Excited for the next Windows release? No? Well, despite the antogonism against the “old guard” of operating systems, a lot of eyes are on Microsoft and its upcoming Windows 10, just to see how the company, under Satya Nadella’s guiding, will fare this time around. And many eyes are especially curious on how the company will turn the wreck that is Windows 8 around. They might not have to wait long, though, as insider sources claim that the consumer features of Windows 10 will be laid out to the public in January next year.
It might not be at CES 2015, however, though Microsoft will most certainly be there. It will, instead, hold a separate event just for Windows 10, for unveiling what would be the final list of features users could be looking forward to when it is released, as well as announcing details for the consumer preview. It might have chosen to go off on its own so as not to be drowned in all the exhibits on the floor, and it might be a smart choice considering everything that is hinging on this release.

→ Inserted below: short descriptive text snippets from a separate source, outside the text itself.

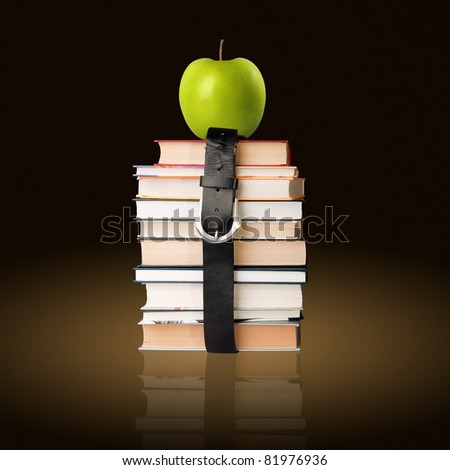 many books pile with black leather belt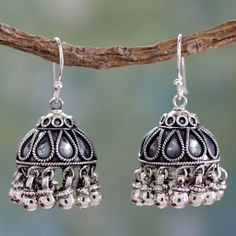 Neeru Goel crafts a delightful pair of jhumki which means hanging earrings in Hindi. The polished silver domes feature spherical dangles that suggest jingling bells. Diminutive sterling ropes add textural interest to these handcrafted fashion accessories. 0.925 Sterling silver Silver Jwellary, Desi Jewellery, Sterling Silver Flower Necklace, Oxidised Earrings, Silver Chandelier Earrings, Silver Flower Necklace, Silver Chandelier, Fair Trade Jewelry, Indian Jewellery Design Earrings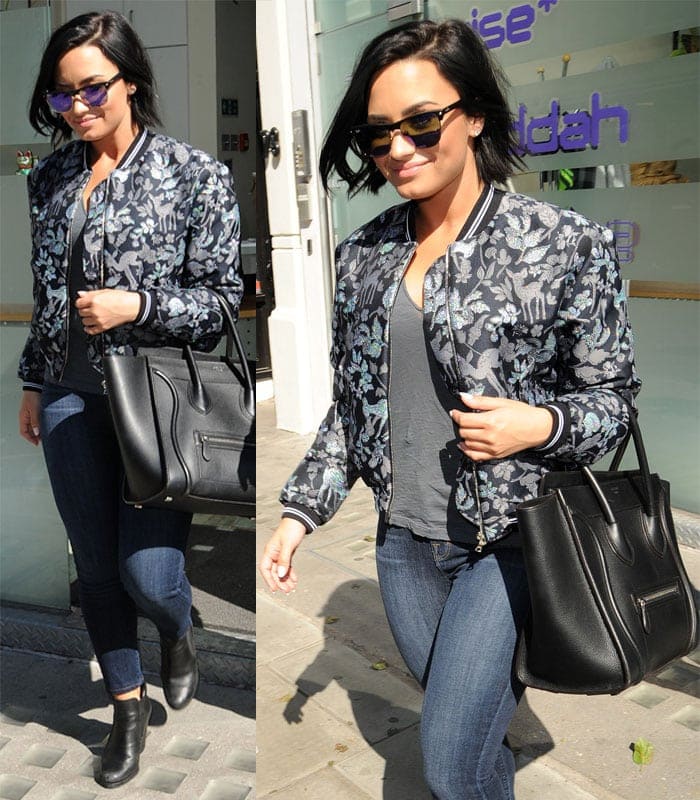 Demi Lovato exudes casual chic in a deer-printed bomber jacket, leaving a London office, September 10, 2015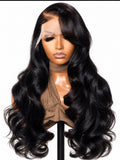 Signature Bounce raw Vietnamese layered bodywave wig on a mannequin, showing glossy black waves, face-framing layers and a sweeping side part.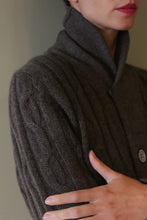 Load image into Gallery viewer, Close-up of a Unisex Shawl-Collar Cable-Knit Cashmere Cardigan | Taupe, featuring a shawl collar and buttons.
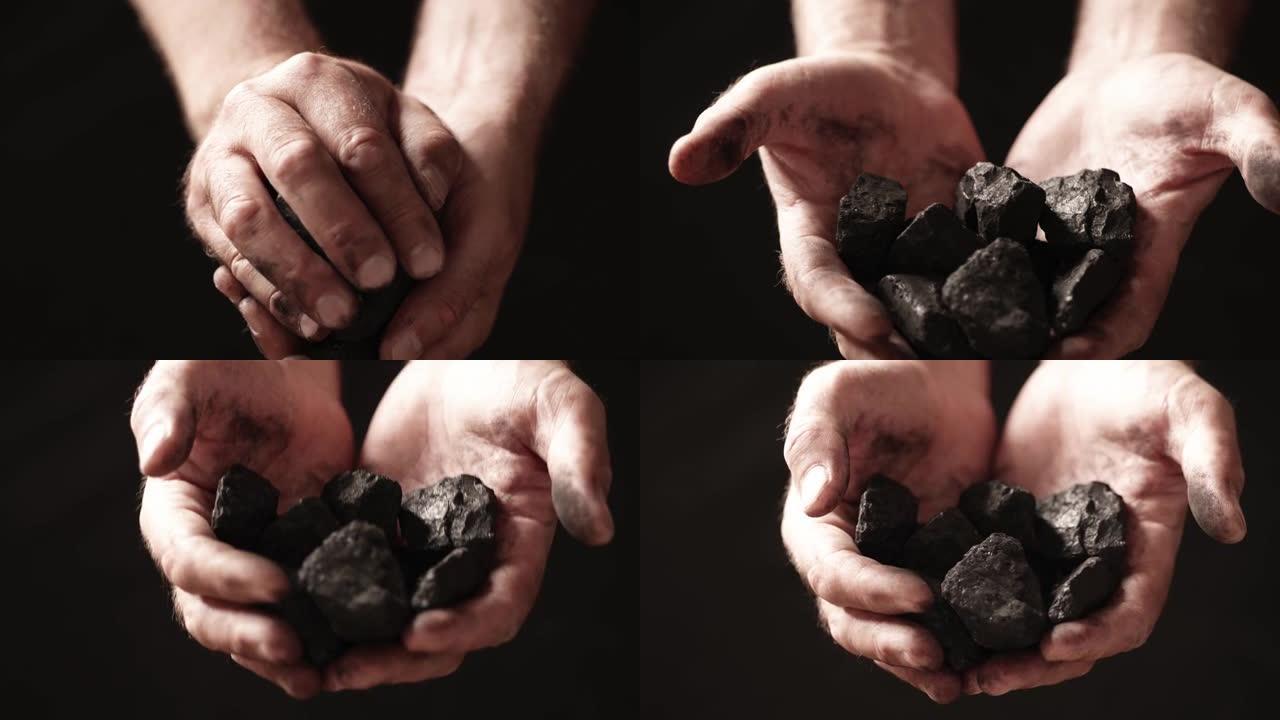 一名矿工展示他手中的煤块。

With a codename such as “Threshold”, you kind of have the idea of the burden of expectation that Windows 10 has to carry. It won’t be completely throwing away the baby with the water when it comes to criticisms of Windows 8, but it will be taking bigger steps to address those issues. In particular, it is expected to further detail Continuum, not to be confused with Apple’s new Continuity feature. In a nutshell, Continuum makes the desktop and apps adjust depending on the device’s nature or state. On a tablet, it will present the “Modern” interface of Windows 8, albeit with some significant changes. With a keyboard and mouse, it will switch to the more traditional desktop. Even Modern apps will adjust accordingly and all those changes will happen in real time.
It will also be interesting to see how Microsoft plans to unify its Windows branding across devices. It is embarking on a rather ambitious branding exercise, with Windows 10 as the battle cry not only for desktops, laptops, and tablets, but also for phones and the Xbox console. Whether that really means only one Windows 10 or yet another plethora of Windows 10 Editions, we will have to wait two months more to really find out.